━━━━━ EXTRACTED RECORDS

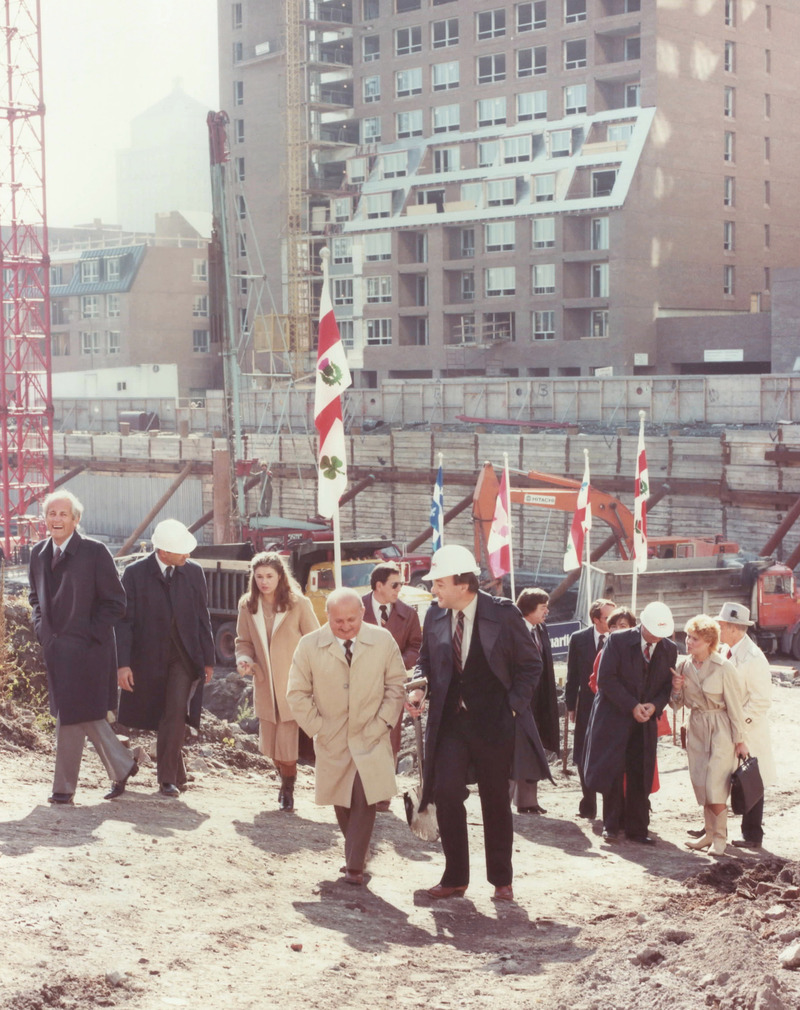 Dossier de presse | 1387-08 - Communiqué de presse | 50 ans et toujours NEUF - NEUF architect(e)s - Évènement + Exposition - <p class="">Roger Desmarais et Harry Yaghjian en visite de chantier, Place du Quartier </p> - Crédit photo :  NEUF architect(e)s 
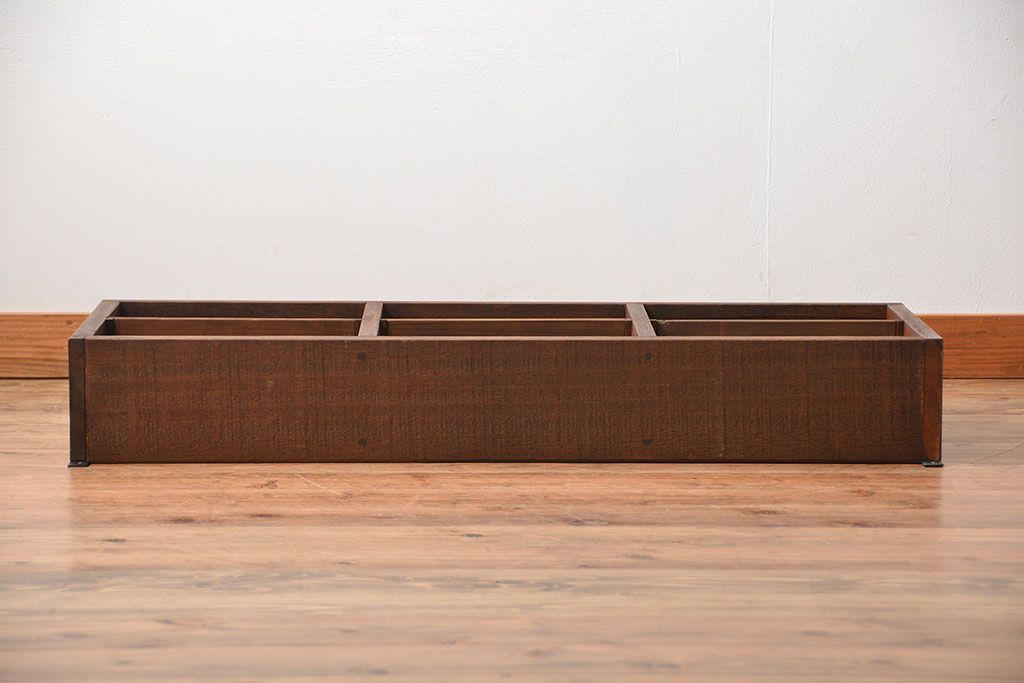 アンティーク家具　アンティーク　シンプルでナチュラルなマス目壁掛け飾り棚(2)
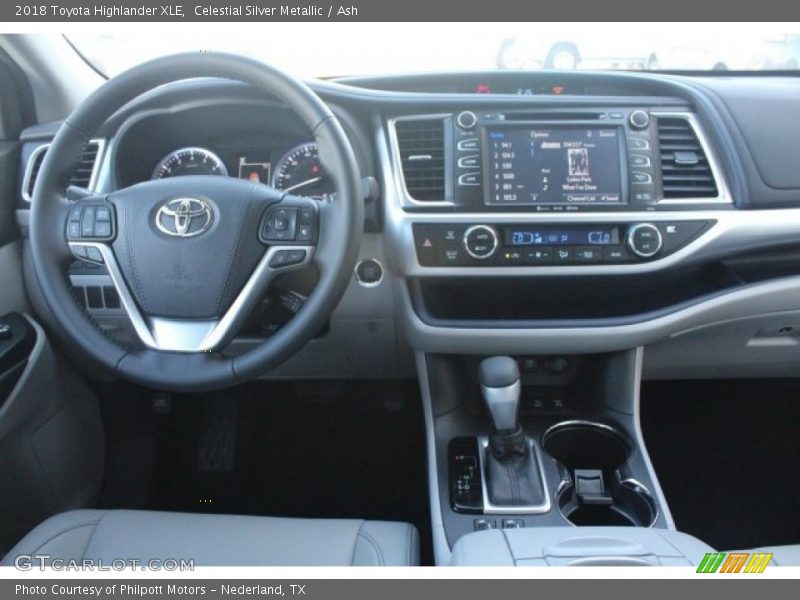 Celestial Silver Metallic / Ash 2018 Toyota Highlander XLE
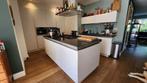 3 DELIG KEUKEN MET KOOKEILAND + BORETTI FORNUIS, Ophalen, Wit, Graniet of Steen, Dubbelwandige keuken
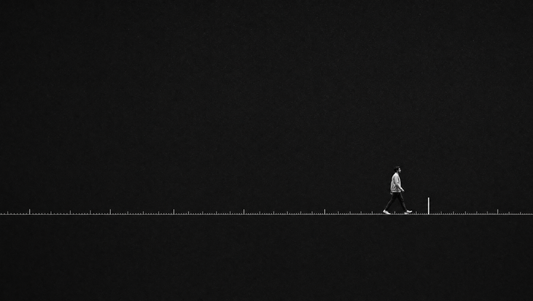 Caminante avanzado en una regla de medición que marca el punto de los 8.000 pasos, gráfico editorial monocromo.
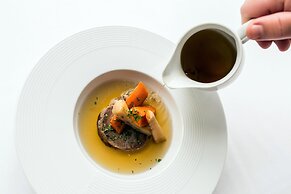 Best Western Plus Lakeside Hotel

━━━━━━━━━━

WHAT NEEDS TO BE DONE -
Without including any pictures, print all of the material exactly as given.

EXERCISE RESPONSE -
 Dossier de presse | 1387-08 - Communiqué de presse | 50 ans et toujours NEUF - NEUF architect(e)s - Évènement + Exposition - <p class="">Roger Desmarais et Harry Yaghjian en visite de chantier, Place du Quartier </p> - Crédit photo :  NEUF architect(e)s 
 アンティーク家具　アンティーク　シンプルでナチュラルなマス目壁掛け飾り棚(2)
 Celestial Silver Metallic / Ash 2018 Toyota Highlander XLE
 3 DELIG KEUKEN MET KOOKEILAND + BORETTI FORNUIS, Ophalen, Wit, Graniet of Steen, Dubbelwandige keuken
 Caminante avanzado en una regla de medición que marca el punto de los 8.000 pasos, gráfico editorial monocromo.
 Best Western Plus Lakeside Hotel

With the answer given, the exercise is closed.